Speeding up memory transfer to global memory


I use a struct:

struct DBDStruct
float Temperature;
float DensO;
float DensO3;
float DensN;
float DensNO;
float DensN2A;

to save values located on gridpoints. Every gridpoint consists of those six float values and is calculated by its own thread. All the structs are saved in global memory space, so every thread reads an “old” struct value from its gridpoint, calculates a new one and writes it back to global memory.

The new values are calculated in dummy variables by the kernel, like

float DummyDensO = …
float DummyDensN = …

and so on, and later written to global memory.

When the calculation of the six values in my kernel is finished I try to speed up the memory access by trying different ways of writing back to the global memory. Paradoxically all ways need nearly the same time. Perhaps someone can help me…

  1. First I tryed just:

GridValues[GridPointIndexGlobal].DensO = DummyDensO;
GridValues[GridPointIndexGlobal].DensN = DummyDensN;
GridValues[GridPointIndexGlobal].DensNO = DummyDensNO;
GridValues[GridPointIndexGlobal].DensO3 = DummyDensO3;
GridValues[GridPointIndexGlobal].DensN2A = DummyDensN2A;
GridValues[GridPointIndexGlobal].Temperature = DummyTemperature;

I thought, that costs much time, because I have 6 independent memory accesses.
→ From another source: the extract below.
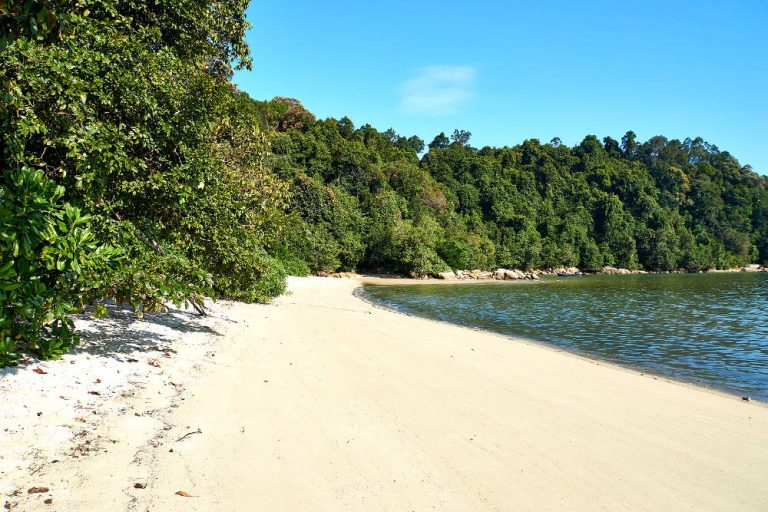 Penang National Park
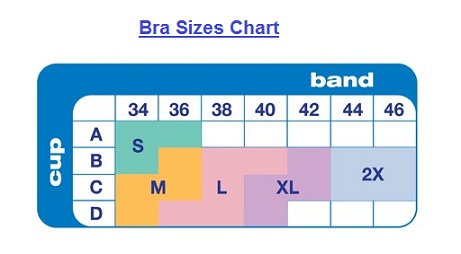 Bra Chart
  1. Then I tryed change the “Dummy”-variables from 6 floats to just the same structure, like:

struct DBDStruct DummyGridValue;


GridValues[GridPointIndexGlobal] = DummyGridValue;

Here I need only one memory access. It seems that both ways need nearly the same time. How is the second one realised internally? Does it just do the same like the first one?
Is there a fast way, like “copy this amount of bytes from here to there” which I can call from the device?

Thx for any help!!!

Consider writing your own device function… (btw, I think we discussed before…on the gridpoint problem… or may b, i am wrong. )
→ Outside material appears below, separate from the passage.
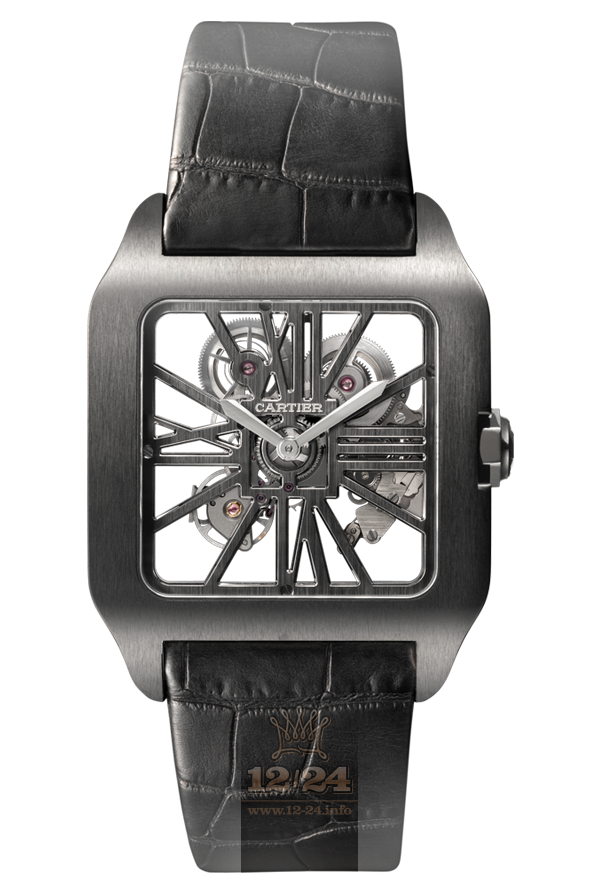 Cartier Santos de Cartier Watch W2020052 39 mm Titanium Case Black Gray Dial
Hi, this is another problem i work on, solving different equations…

I think the performance in this case has everything to do with coalescing. Generally speaking, adjacent threads should access adjacent locations, and be aligned with memory for coalescing to happen. The programming guide goes into more detail.

An operation like this:
GridValues[GridPointIndexGlobal].DensO = DummyDensO;

translates into accesses to non-adjacent locations, because the DensO fields are not adjacent. This means each thread issues a separate memory transaction.
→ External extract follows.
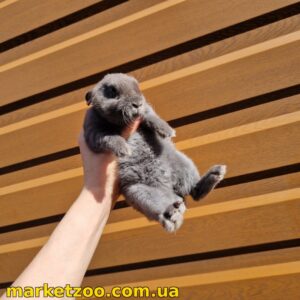 Готова до переїзду! Порода "Mini rex", окрас "Блакитний", вік 2міс., стать дівчинка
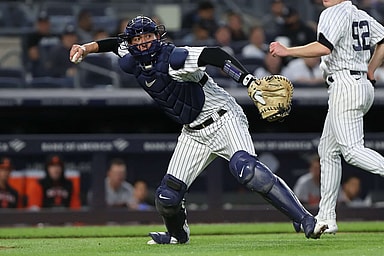 kyle higashioka, yankees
If instead of a single array of structures, you had six arrays, then you could do something like this:
GridValuesDensO[GridPointIndexGlobal] = DummyDensO;
GridValuesDensO3[GridPointIndexGlobal] = DummyDensO3;
GridValuesDensN[GridPointIndexGlobal] = DummyDensN;
GridValuesDensO[GridPointIndexGlobal] = DummyDensO;
GridValuesDensNO[GridPointIndexGlobal] = DummyDensNO;
GridValuesDensN2A[GridPointIndexGlobal] = DummyDensN2A;

Then (assuming alignment is okay) each would become a single (larger) memory transaction for the entire half warp, which would give much higher throughput.